* WHAT TO DO *
Each record here should be printed again exactly; please leave its pictures out.

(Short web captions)
========================================================================
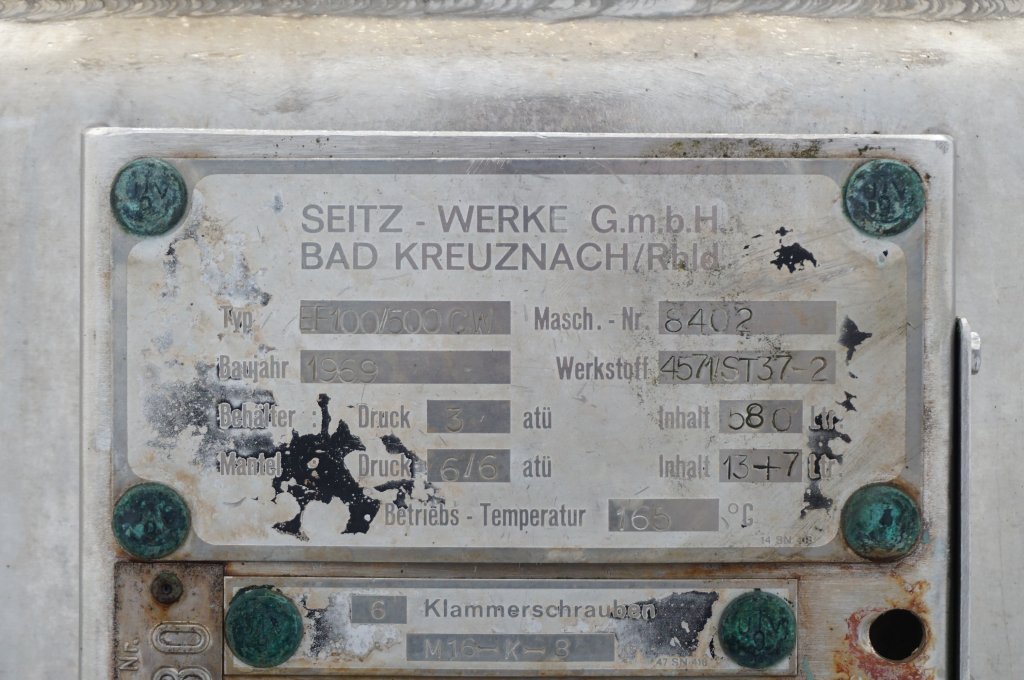 Machine: SEITZ - WERKE EF 100/500 CW (0.75 m�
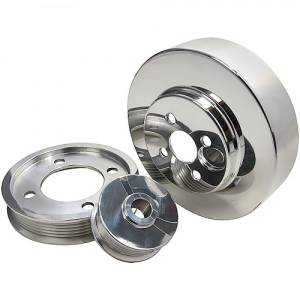 BBK - 1994-1995 Ford Mustang 5.0 BBK Underdrive Pulley Kit - Lightweight CNC Billet Aluminum (3pc) - Image 1
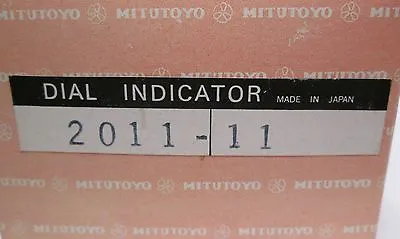 Mitutoyo Dial Indicator 2011-11 0.02mm-0.5mm • $71.50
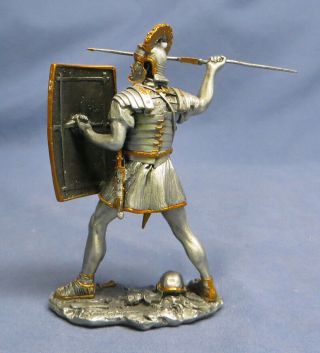 Veronese Myths and Legends Pewter Knight with Spear and Shield EXC. 3
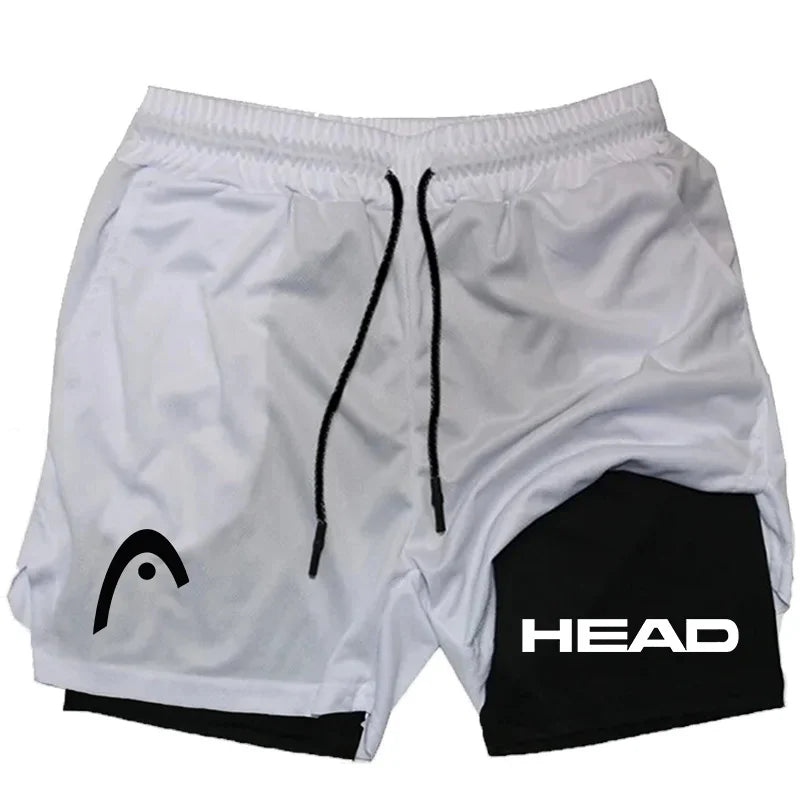 Men's Berserker Anime Running Shorts – 2-in-1 Double Layer Quick-Dry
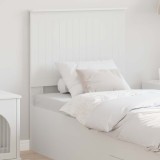 vidaXL Tăblie cap cu headboard Alb 75 cm Lemn compozit 887824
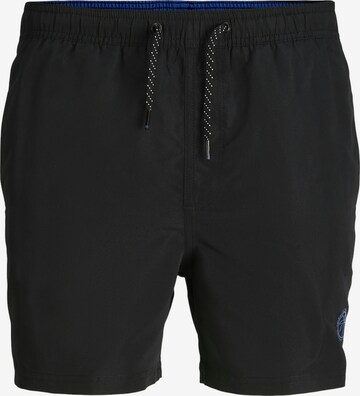 Shorts de bain 'Fiji' JACK & JONES en noir : devant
========================================================================
* WRITTEN ANSWER *
 Machine: SEITZ - WERKE EF 100/500 CW (0.75 m�
 BBK - 1994-1995 Ford Mustang 5.0 BBK Underdrive Pulley Kit - Lightweight CNC Billet Aluminum (3pc) - Image 1
 Mitutoyo Dial Indicator 2011-11 0.02mm-0.5mm • $71.50
 Veronese Myths and Legends Pewter Knight with Spear and Shield EXC. 3
 Men's Berserker Anime Running Shorts – 2-in-1 Double Layer Quick-Dry
 vidaXL Tăblie cap cu headboard Alb 75 cm Lemn compozit 887824
 Shorts de bain 'Fiji' JACK & JONES en noir : devant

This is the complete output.